As an alternative to the jiggle filter, try the ripple filter followed by the ocean ripple filter - the results are similar to jiggle and the filters are native to photoshop.

----------


## manikin

Thanks for an amazing tutorial! Once the basic principle is down, the whole process becomes very intuitive and flexible, it's great.

If you don't have access to the photoshop filters, I found it easiest to create a greyscale rippled / ocean rippled / blurred area, push it to 100% contrast and then select the white or black part - this gives you a bit of flexibility with where the edges of things are as well.

For the rivers, if you use a path with "simulate pressure" and make the path much longer than necessary you end up with a nice tapering effect (for those of us without a tablet).

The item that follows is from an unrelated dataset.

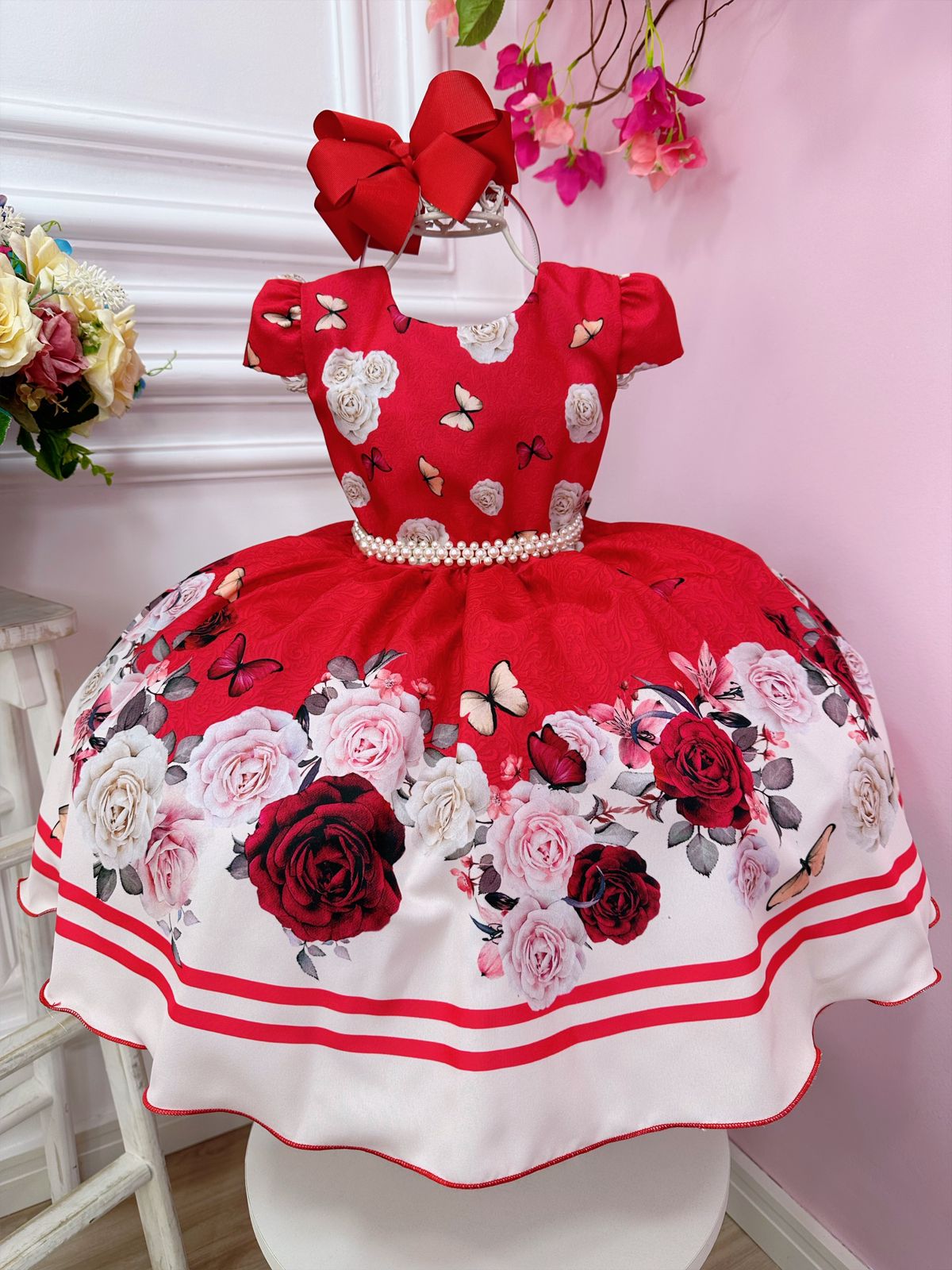 Vestido Infantil Vermelho Jardim das Borboletas C/ Pérolas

Edit: A couple more variations - using clouds and an overlay colour has worked better for me than using a texture for the final 'binding' layer

----------


## ravells

Those look a lot better than anything I could have done. They are amazing. You should append your method to the tutorial so others can follow. Lovely work manikin!

----------


## xvcrimsajadevx

> Are you using the download from here:   http://www.geocities.com/why2kspace/
> 
> That one has the jiggle filter enabled.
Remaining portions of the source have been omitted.